Nonna Pia's may or may not have a deal, but in the meantime the company is forging its own path

click to enlarge PHOTO SUBMITTED - let's make a deal Natasha and Norm Strim's Dragons' Den segment will air in the new season, which begins in mid October.
  • Photo submitted
  • let's make a deal Natasha and Norm Strim's Dragons' Den segment will air in the new season, which begins in mid October.

Norm and Natasha Strim used to order their Italian vinegar in five-litre containers — the backbone of their one-of-a-kind, made-in-Whistler balsamic reduction.

Six months ago they started ordering in 220 litre drums, straight from Modena, Italy to the Port of Vancouver.

That gives just an inkling of their whirlwind, roller-coaster ride since March when they first went before Canada's dragons on the CBC hit show Dragons' Den to ask for money to take their Nonna Pia's balsamic vinegar nationwide.

"Whether or not we got a deal on Dragons' Den, we can't talk about that," said Natasha Strim.

"(But) we are thrilled with how everything went when we filmed for Dragons' Den. It couldn't have gone better. We are extremely excited to see our segment aired on the upcoming season of Dragons' Den beginning mid October.

"(And) the mentoring and help we've gotten since (we filmed)... I guess we're sponges and we just take as much as we can from people!"

Since they filmed in Toronto in March, and were put through the paces by some of the top business minds, Nonna Pia's has quietly grown from strength to strength.

At filming, they were in 358 stores, mostly throughout B.C.

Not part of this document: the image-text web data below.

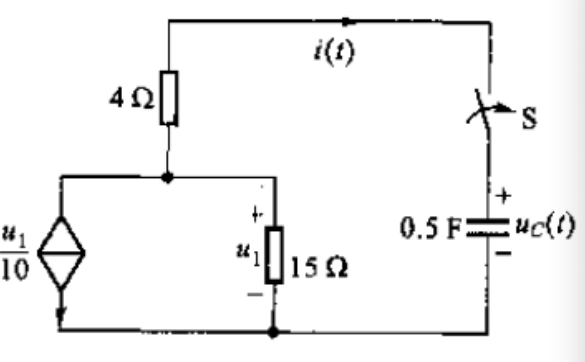 如图所示电路中，已知电容电压uC（0－)=10V，t=0时开关S闭合，求t≥0时电流i（t)。如图所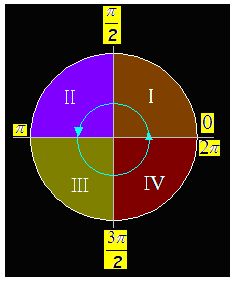 funciones matematicas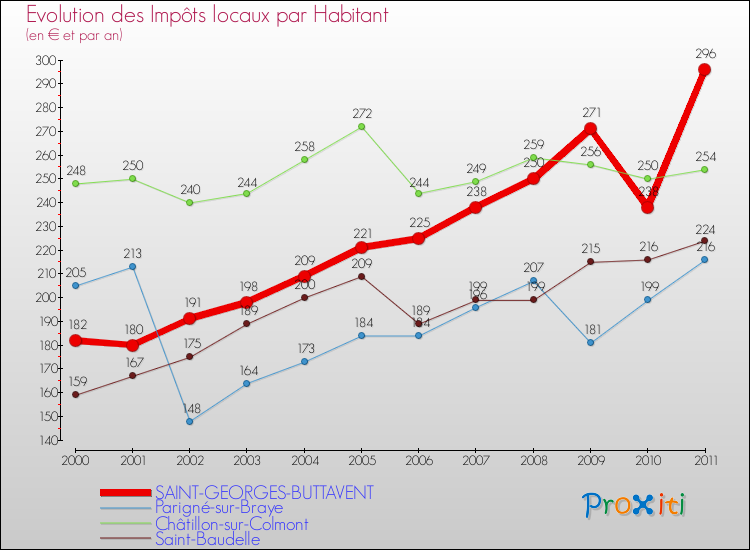 Evolution et montant des impôts locaux par Habitant pour SAINT-GEORGES-BUTTAVENT et les communes proches Comparaison des impôts locaux par habitant pour SAINT-GEORGES-BUTTAVENT et les communes voisines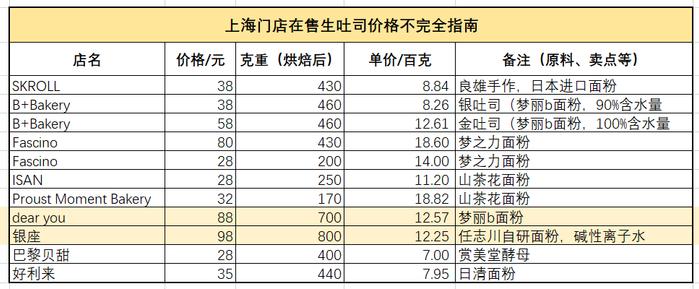 98元一条，“日本第二”的生吐司为什么在中国卖出了“第一”的架势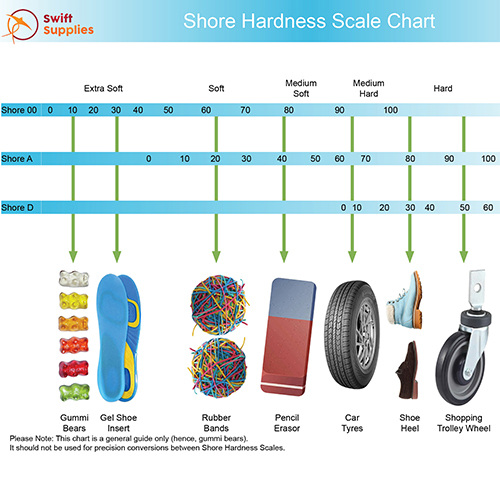 Durometer and Shore Hardness Explained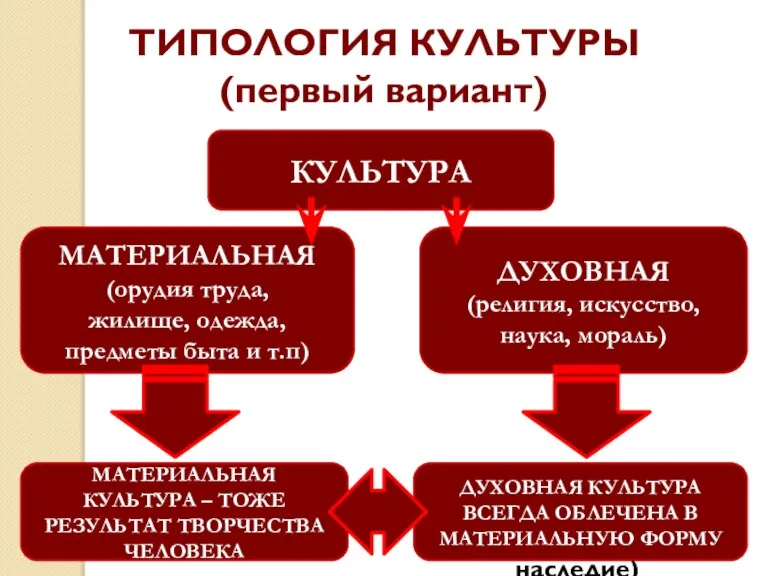 ДУХОВНАЯ (религия, искусство, наука, мораль) ТИПОЛОГИЯ КУЛЬТУРЫ (первый вариант) КУЛЬТУРА МАТЕРИАЛЬНАЯ (орудия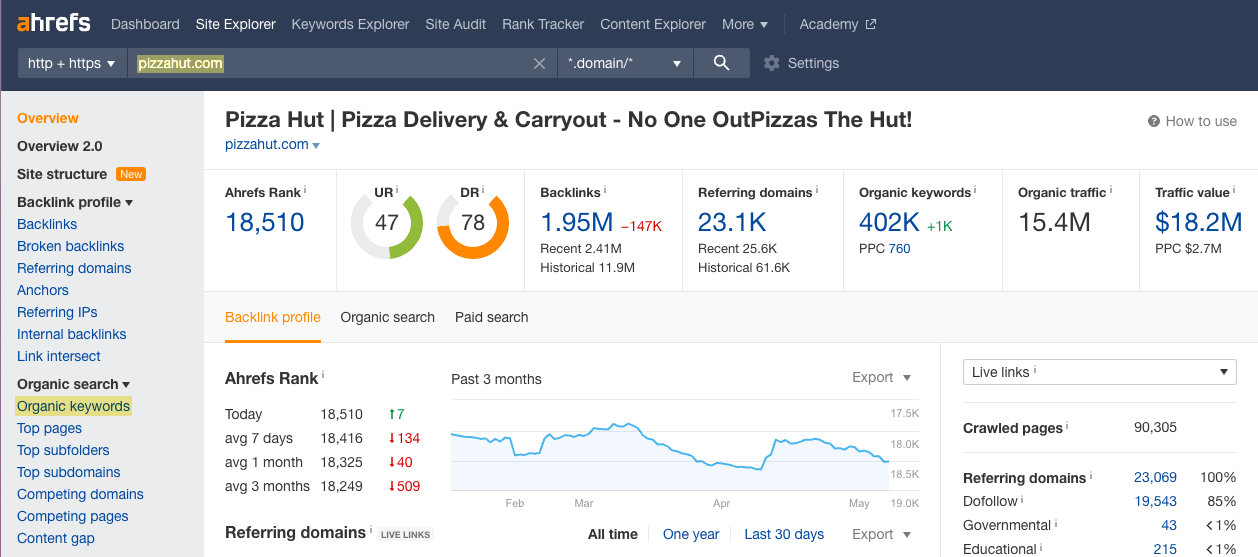 Site Explorer 的“Overview”（概览）页面；注意侧边栏中的“Organic keywords”（自然关键词）
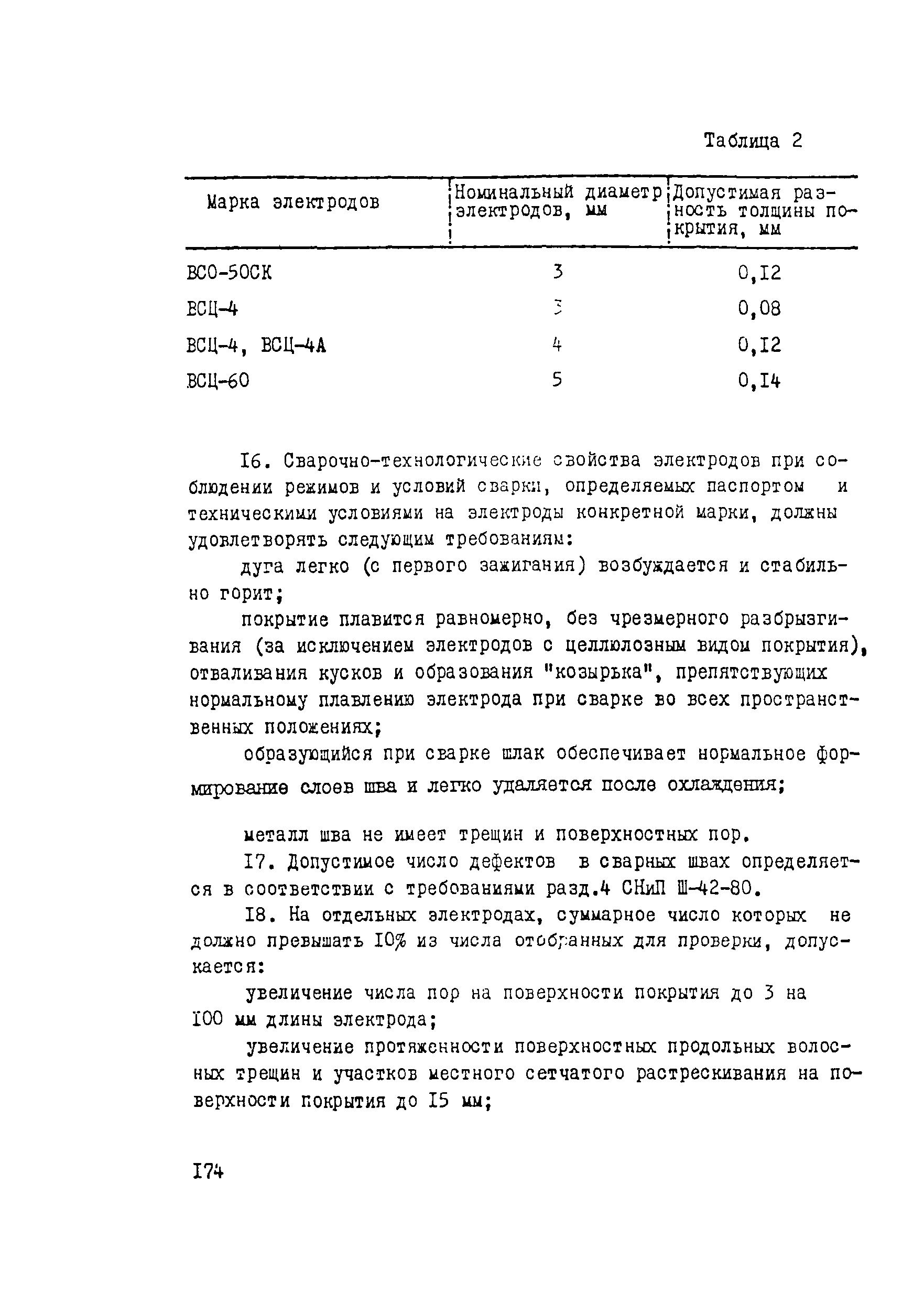 ВСН 006-89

Since then, the Strim's have closed two major deals, most notably in the last month, with Loblaw's and Sobey's in Eastern Canada. Their store count will soon be in the range of 1,500.

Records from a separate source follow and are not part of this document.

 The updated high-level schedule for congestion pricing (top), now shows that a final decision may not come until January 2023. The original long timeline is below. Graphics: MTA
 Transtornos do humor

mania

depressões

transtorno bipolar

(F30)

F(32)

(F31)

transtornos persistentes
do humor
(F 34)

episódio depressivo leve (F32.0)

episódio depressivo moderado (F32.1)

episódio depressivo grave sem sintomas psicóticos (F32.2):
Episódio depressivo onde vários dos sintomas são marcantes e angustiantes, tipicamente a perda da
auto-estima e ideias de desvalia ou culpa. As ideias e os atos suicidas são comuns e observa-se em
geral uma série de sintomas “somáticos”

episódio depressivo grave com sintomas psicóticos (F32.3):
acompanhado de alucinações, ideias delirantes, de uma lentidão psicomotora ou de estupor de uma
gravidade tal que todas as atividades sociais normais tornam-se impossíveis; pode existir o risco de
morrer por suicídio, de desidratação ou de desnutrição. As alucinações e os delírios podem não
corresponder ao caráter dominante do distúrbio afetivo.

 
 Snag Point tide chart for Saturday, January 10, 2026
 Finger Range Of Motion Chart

"We've been told that in the history of Dragons' Den we've shown the most growth for a company between filming and airing," said Strim.

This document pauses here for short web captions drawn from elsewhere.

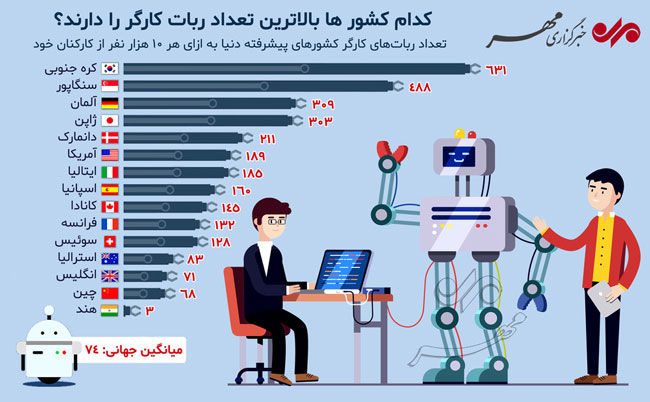 اینفوگرافی؛ تعداد ربات‌های کارگر کشور‌های پیشرفته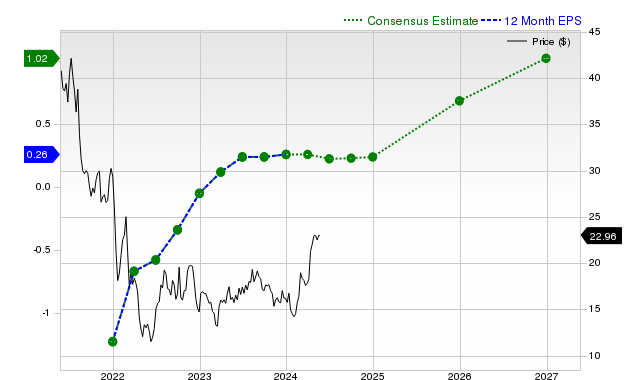 Investors Heavily Search Coupang, Inc. (CPNG): Here Is What You Need To ...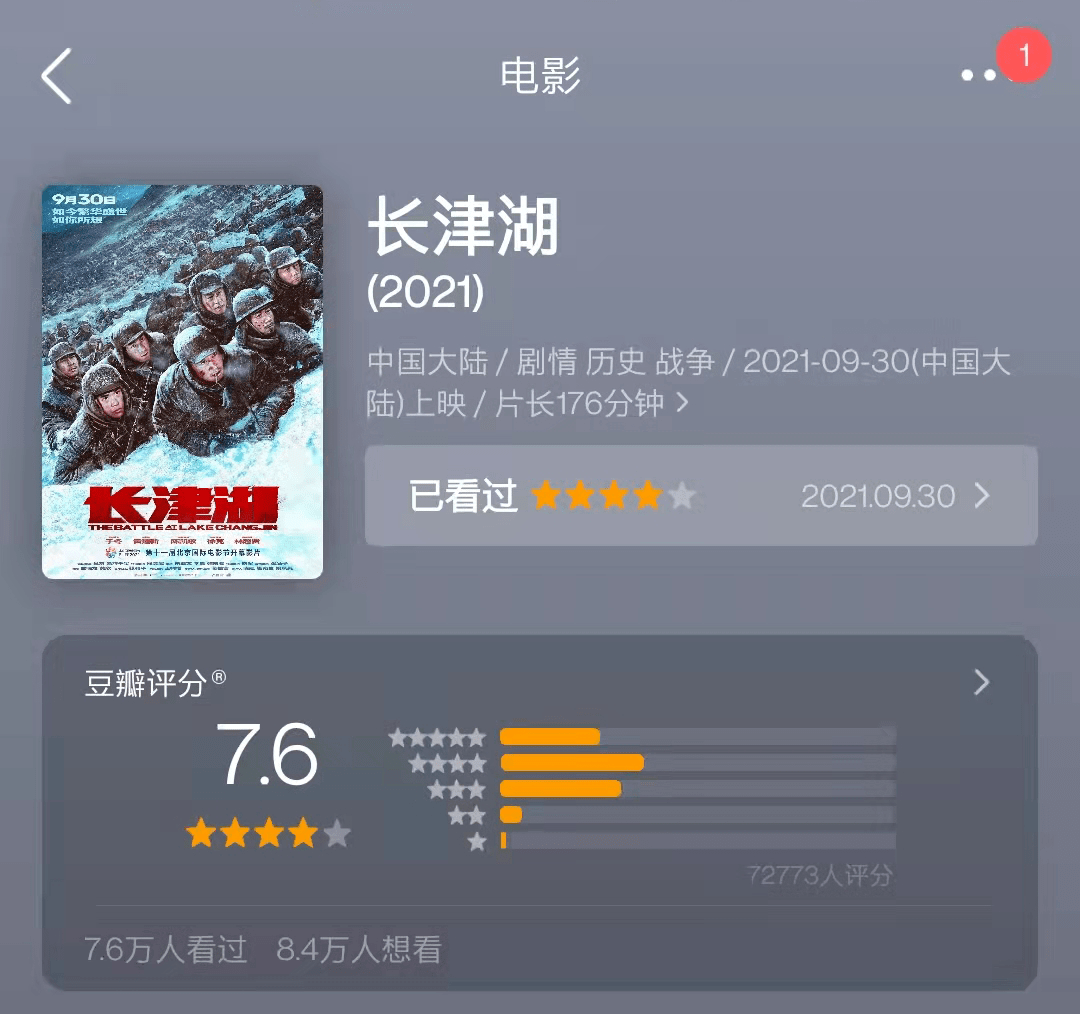 士兵|豆瓣开分7.6，高了还是低了？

And they've had to roll with the punches when things haven't panned out as planned too.

For example, the goal was to find co-packers in the east — a company that would make manufacture and package the balsamic reduction according to Norm's recipe and specifications.

But with 12 hours needed to cook the balsamic reduction, co-packers were hard to come by.

"It's all about kettle time," said Norm.

So, on to plan B — renting the space beside their Function Junction kitchen and making it all in Whistler.

"Now we're producing everything for all of Canada and the States in Whistler," said Natasha.

The second space is acting as warehouse space. They're used to storing 120,000 to 150,000 bottles in inventory.

"With these new accounts, we're going to have to sit on at least 400,000," she added. "Now we're trying to make up all this product, and that's just to service the stores. That's not even taking into account that in six weeks we may go live on television and everything will need to double!"

Until they hear about an airdate, it's full steam ahead to meet the commitments of the last six months.

Norm added with a smile: "We've accomplished what we set out to accomplish with the help of the Dragons, without the help of the Dragons... if that makes sense."